From the entries below, copy each line in which the word "Infant" occurs.

Web page caption snippets:
···

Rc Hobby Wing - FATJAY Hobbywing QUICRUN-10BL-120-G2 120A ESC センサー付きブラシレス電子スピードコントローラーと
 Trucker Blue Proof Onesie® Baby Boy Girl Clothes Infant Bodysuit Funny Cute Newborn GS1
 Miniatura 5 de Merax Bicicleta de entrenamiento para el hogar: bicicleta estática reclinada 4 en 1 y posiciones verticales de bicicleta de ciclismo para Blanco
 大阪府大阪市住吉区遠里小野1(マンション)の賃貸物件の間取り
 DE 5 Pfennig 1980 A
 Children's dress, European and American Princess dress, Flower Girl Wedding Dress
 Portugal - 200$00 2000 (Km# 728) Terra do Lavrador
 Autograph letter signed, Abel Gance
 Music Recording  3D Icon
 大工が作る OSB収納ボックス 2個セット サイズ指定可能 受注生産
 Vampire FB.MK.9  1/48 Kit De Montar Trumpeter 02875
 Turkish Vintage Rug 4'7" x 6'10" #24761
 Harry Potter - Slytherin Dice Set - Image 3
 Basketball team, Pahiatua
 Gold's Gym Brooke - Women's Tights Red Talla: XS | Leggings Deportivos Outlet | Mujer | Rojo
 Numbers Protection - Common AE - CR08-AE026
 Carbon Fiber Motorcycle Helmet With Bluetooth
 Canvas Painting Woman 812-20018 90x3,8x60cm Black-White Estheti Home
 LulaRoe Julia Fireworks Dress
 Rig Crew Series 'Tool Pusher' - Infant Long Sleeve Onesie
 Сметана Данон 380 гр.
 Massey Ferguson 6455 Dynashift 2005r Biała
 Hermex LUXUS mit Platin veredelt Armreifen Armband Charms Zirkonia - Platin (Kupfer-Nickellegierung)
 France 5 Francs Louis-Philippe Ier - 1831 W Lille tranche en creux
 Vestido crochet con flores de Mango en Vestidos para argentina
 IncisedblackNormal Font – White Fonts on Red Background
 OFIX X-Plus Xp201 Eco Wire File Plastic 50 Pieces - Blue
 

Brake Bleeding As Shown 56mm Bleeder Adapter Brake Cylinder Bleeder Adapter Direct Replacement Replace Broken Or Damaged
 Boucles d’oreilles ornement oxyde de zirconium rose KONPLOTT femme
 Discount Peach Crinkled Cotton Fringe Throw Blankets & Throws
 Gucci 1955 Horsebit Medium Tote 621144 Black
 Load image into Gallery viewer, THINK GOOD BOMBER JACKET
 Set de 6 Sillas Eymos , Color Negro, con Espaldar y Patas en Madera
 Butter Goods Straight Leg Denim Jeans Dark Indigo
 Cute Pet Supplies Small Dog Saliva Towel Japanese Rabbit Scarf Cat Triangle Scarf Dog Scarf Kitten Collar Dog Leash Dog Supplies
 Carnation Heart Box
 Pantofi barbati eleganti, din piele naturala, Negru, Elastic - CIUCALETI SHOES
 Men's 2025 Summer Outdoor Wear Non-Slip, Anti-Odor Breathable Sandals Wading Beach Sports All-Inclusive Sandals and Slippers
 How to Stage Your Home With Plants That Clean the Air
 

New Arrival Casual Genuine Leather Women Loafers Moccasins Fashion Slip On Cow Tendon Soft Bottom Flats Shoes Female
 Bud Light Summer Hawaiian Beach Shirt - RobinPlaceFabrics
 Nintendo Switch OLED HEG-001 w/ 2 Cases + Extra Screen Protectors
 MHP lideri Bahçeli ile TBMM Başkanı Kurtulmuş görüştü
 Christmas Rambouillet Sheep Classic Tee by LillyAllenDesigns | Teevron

···

* **FINISHED TASK**:
 Trucker Blue Proof Onesie® Baby Boy Girl Clothes Infant Bodysuit Funny Cute Newborn GS1
 Rig Crew Series 'Tool Pusher' - Infant Long Sleeve Onesie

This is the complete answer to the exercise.